This shocking and horrific story came to light yesterday across newspapers and television stations. It tells of a Bipolar woman who neglected to take her medication (as many Bipolars are prone to do - me included), had a panic attack, was restrained and then sectioned. As difficult as it was to read that someone was sectioned for a panic attack, what makes this situation far worse is that the woman in question was also heavily pregnant. She was sedated and social services obtained a high court order to proceed with a caesarean section at which point they took her baby from her and 18 months later refuse to give her daughter back and are attempting to put baby up for adoption. Their alleged position is that the mother may again forget her medication and end up in a similar situation.
Now in what world is a panic attack cause for removing a child from their mother? In what world is it okay to prevent a mother access to her child because she has a mental illness of which she has no control over? A "dystopian science-fiction unworthy of a democracy" as said by Shami Chakrabarti, director of Human Rights group Liberty. She continues to say "Forced surgery and separation of mother and infant is the stuff of nightmares that those responsible will struggle to defend in courts of law and decency."

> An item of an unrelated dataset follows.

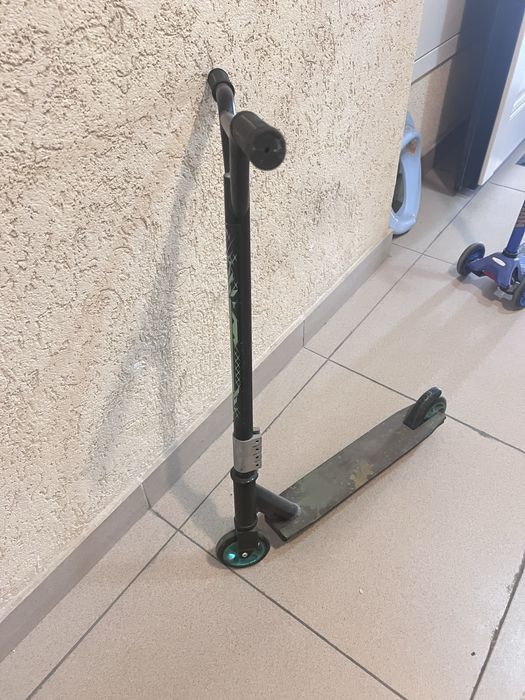 Детский железный самокат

There are many solutions that would ensure the safety of the mother and child: weekly meetings with a psychiatric nurse to ensure she is taking her meds appropriately and is not showing signs of mania or depression; a social worker who visits weekly to check on the safety of both of them; and a strong psychiatric counselor who can help her deal with any other issues and keep an eye on how she's dealing with any panic attacks. Now I don't know the full story behind this, but it seems to me that to take the option they did is lazy and ignores other possibilities that may cost the state more, but are far more reasonable. I am beyond disgusted and in fact terrified that this could happen to me one day. I look forward to having children in the future and hope to God that they will never be taken from me because I suffer from a treatable disorder. Dystopia indeed.